Here is the story of her ancestor.
“This is the story of my four times grandmother, as we, her descendants know it. A lot of Australian histories focus on the male members of the family, and the hard working women who came with them, and bore numerable children, kept house in primitive conditions, farmed etc., who often don’t get the recognition they deserve.
Why Maria ——- she stayed! Private William Nash left the colony and disappeared from our family history.
Maria died in 1844, aged 74, so it is assumed she arrived aged 17 years with William Nash on board Prince of Wales.
On arrival in the new settlement she was unmarried and pregnant, though she had travelled as his wife. Her son William was born 1 May 1788 and baptised in the new colony, his birth was the eighth listed, family history has him as the first child born of free settlers in the new settlement. Unfortunately he died June 1789.
Maria and William were married “by license” February 1789, no. 57 in the register, by Reverend Richard Johnson. This fact is regarded as extraordinary as marriage “licenses” were only issued by Bishops and there were no Bishops in the settlement at this time so it seems the “licenses” came with them from England. It’s source has never been traced.
In 1790 William and Maria Nash travelled to Norfolk Island on board the Sirius. The sea was too rough to land at Sydney Bay so the ship went around to Cascade Bay. There is no wharf there so, if she disembarked there, the process was hazardous. Into a row boat, which was brought into a large rock, and when the sea calms down a bit, you leap onto the rock between swells! Difficult enough in a pair of jeans, let alone in a long skirt, and likely pregnant again. The other option was to remain on the Sirius and come back to Sydney Bay. This time Sirius struck the reef and proceeded to break up and sink. It is commented on that the Sirius held together long enough to get the people off. Now with a loss of provisions and an increase in population of Norfolk Island, rations were reduced. The mutton bird became the staple food, imagine cooking and eating this day after day! Plus clothing was in short supply.
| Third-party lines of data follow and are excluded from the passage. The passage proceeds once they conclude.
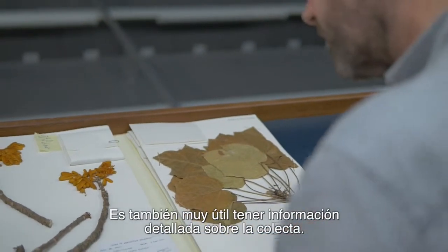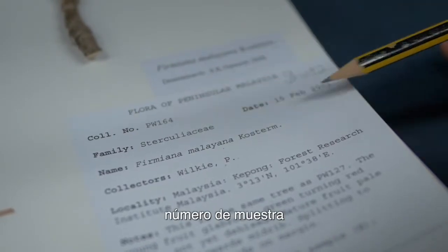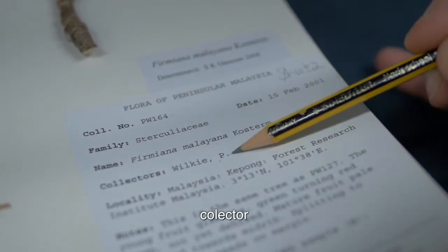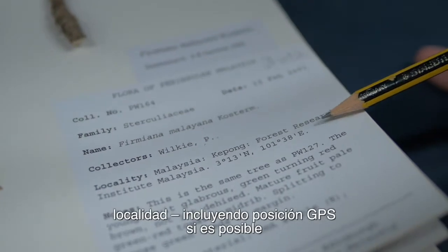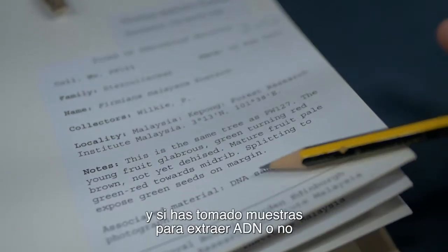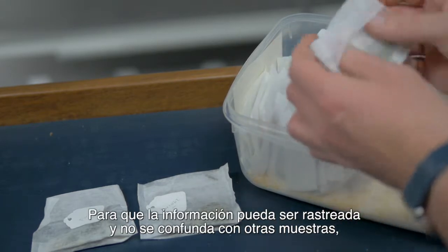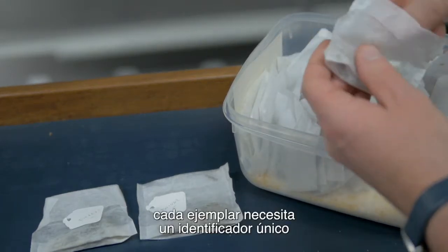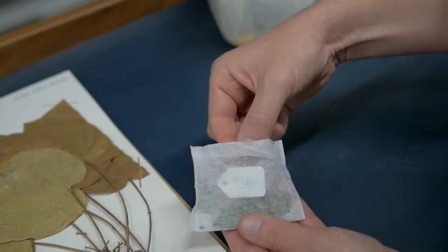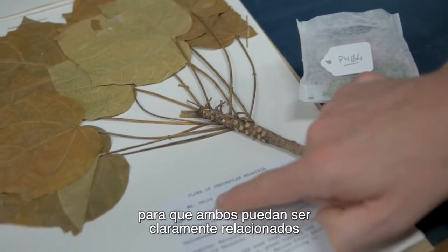It's also really useful to have detailed information about the collection, such as collection number, date, scientific identification, collector, locality including GPS locality if possible, general notes on the plant itself, and whether DNA has been collected or not. In order that information can be traced and not confused with other collections, each specimen needs a unique identifier, usually in the form of a collection number associated with the collector name. It is very important that the herbarium and silica dried material are given the same collecting number so that they can be clearly linked to each other.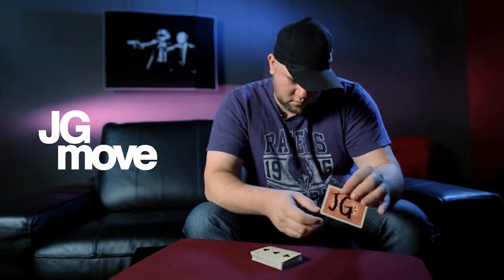Next up is the JG move. The JG move is my take on the famous KM move that a lot of you magicians already do. The difference is you get this little flourishy, like a little flip-out move. And it's also something that can be done while the spectators are burning your hands.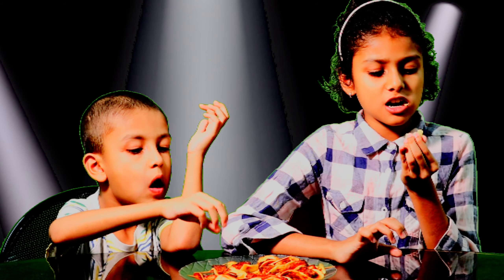Butterfly chicken is ready to eat. Let's go.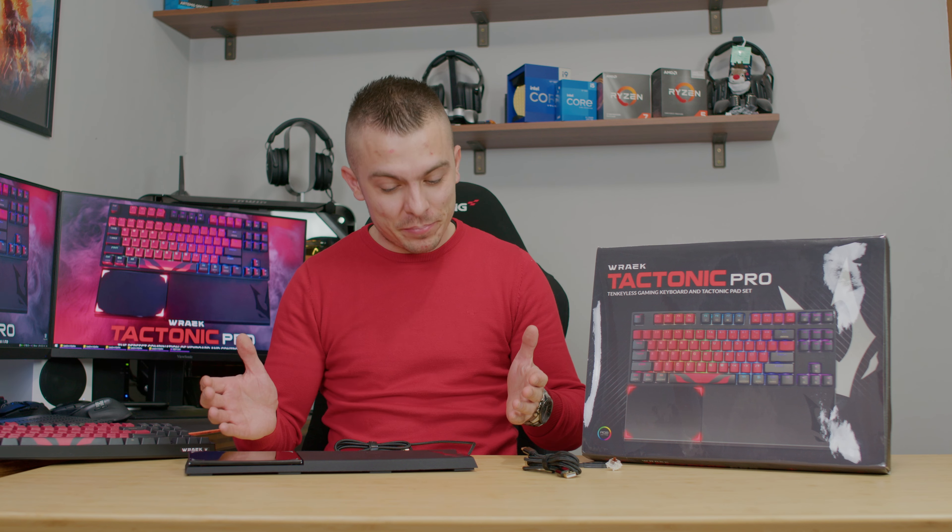Hello guys and welcome to today's video. Today we have an exclusive, quite interesting piece of hardware on this table, and we're going to take a look at REC Tectonic Pro.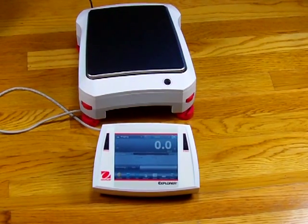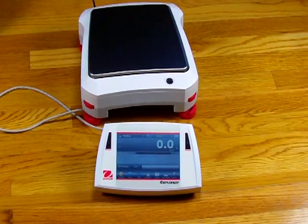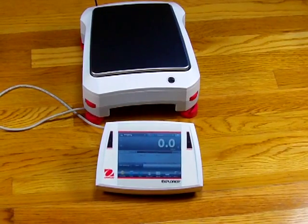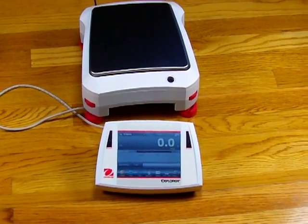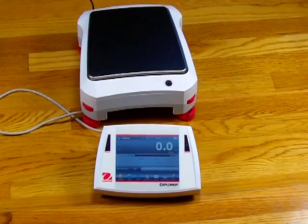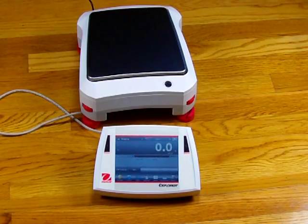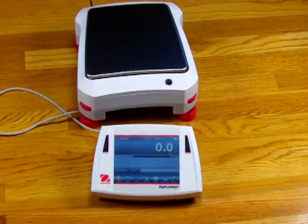Welcome to Balances.com. Today we'd like to show you the new Aarhus Explorer series. This is the newest balance from Aarhus Corporation for their laboratory line. This balance has about eight different models, going from analytical to precision balances. This model is the EX-6201 — 6,200 grams by a tenth of a gram. We'd like to talk about some of the features the balance has to offer.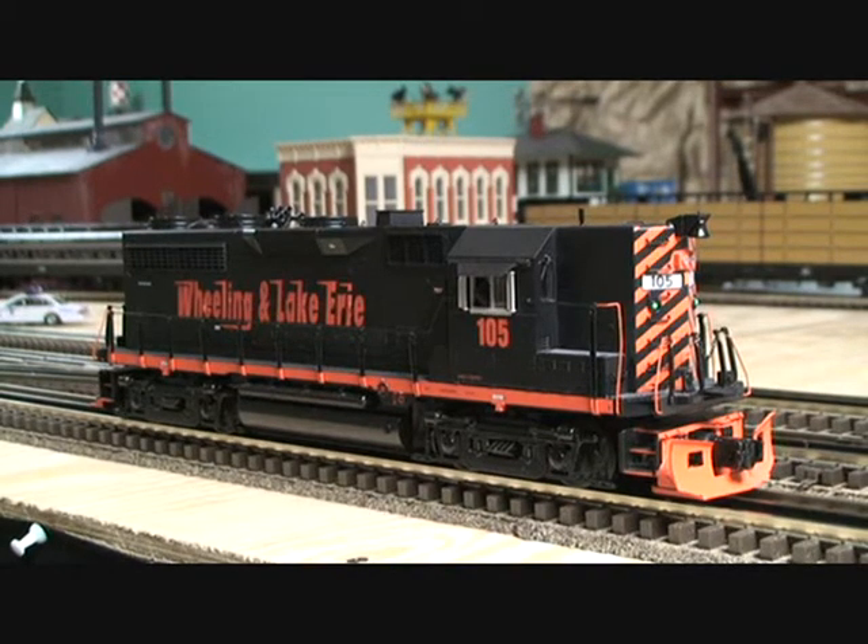This locomotive was released just recently by MTH, and from my understanding, it is the first modern diesel that MTH has released with the Wheeling and Lake Erie paint scheme. If you're from Ohio, you're probably familiar with Wheeling and Lake Erie, and if you're not, this might be a unique rail name you've never seen before, but this is a locomotive that is out there and operating today.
Maria’s son John was born on Norfolk Island 1790/179, her first son being dead most likely 12 months. By this time conditions on the island were so bad the Marines were protesting, just short of mutiny, a pretty stressful time for this young wife.
William and Maria returned to Sydney in 1791. Her subsequent children were Mary, born 1793, William 1795, George 1797 and Sarah 1798.
William Nash left the Marines in1797 and had received land grants totalling 205 acres at Mulgrave, Hawkesbury. This land would have required hand clearing before it was cultivated. The weather conditions were documented as droughts and flooding rains.
By 1802 Maria had left William and was living with ex-convict Robert Guy (horse theft), transported 1790 aboard Scarborough. On his pardon he was granted 30 acres at Concord, N.S.W; his family, listed in the Settlers Muster Book 1802 was “woman and two children”, George and Sarah. The two older children, Mary and William were employed elsewhere. By 1803 their farm was at Nepean and remained in the family for the next 60 years. William (jnr) died of snake bite in 1808.
As Maria’s granddaughter by 4, I find it interesting and amusing that William Nash could “apply to have Maria returned to him as her union with Robert Guy was illegal. Maria was bound to return to him, provided Robert Guy was compelled to quit possession of her.”
This case was between William and Robert Guy, Maria having no input into the case! Williams’ case was dismissed as he had not enacted on a previous decision made by the Judge Advocate. William Nash disappears from the family history in 1804? Returned to England? lost at sea with son John.
Life was not uneventful for Maria. She had a short spell in gaol in 1808 for perjury—Robert Guy in trouble again over a horse, a mix-up over payment.
Family lore has it that Robert Guy was a decent man, a successful farmer and a good step-father, he was witness at Mary’s wedding to Sergeant Robert Hall and Sarah named her son Robert after him.This boy being the eventual heir to his property. Robert Guy died in 1820, aged 48 and is buried at Castlereagh. Maria was his common-law wife and by the law of the day she was not entitled to any of his estate. By a will of 1819, Robert had left his property to Maria for her lifetime and then to go to his namesake Robert. They had never married as neither knew if previous spouses were dead or alive.
Maria farmed this land till her death in1844. She is buried in an unmarked grave in the Church of England section of the Castlereagh cemetery. The Williams/Nash family erected a memorial plaque to her at Castlereagh in 2004. William Nash’s name appears on a monument to the pioneers of the Hawkesbury district even though he left the Colony .
Lastly, ……our families pronounce her name MARIAH”.